• **Given material**
□ □ □ □ □

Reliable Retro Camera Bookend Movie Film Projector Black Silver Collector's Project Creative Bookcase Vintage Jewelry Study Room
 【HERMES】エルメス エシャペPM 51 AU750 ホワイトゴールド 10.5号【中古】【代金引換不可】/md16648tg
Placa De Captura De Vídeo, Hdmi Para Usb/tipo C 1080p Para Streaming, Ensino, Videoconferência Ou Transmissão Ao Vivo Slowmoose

□ □ □ □ □

• **About this task**
Output the listing exactly.

• **Answer to the exercise**
Reliable Retro Camera Bookend Movie Film Projector Black Silver Collector's Project Creative Bookcase Vintage Jewelry Study Room
 【HERMES】エルメス エシャペPM 51 AU750 ホワイトゴールド 10.5号【中古】【代金引換不可】/md16648tg
Placa De Captura De Vídeo, Hdmi Para Usb/tipo C 1080p Para Streaming, Ensino, Videoconferência Ou Transmissão Ao Vivo Slowmoose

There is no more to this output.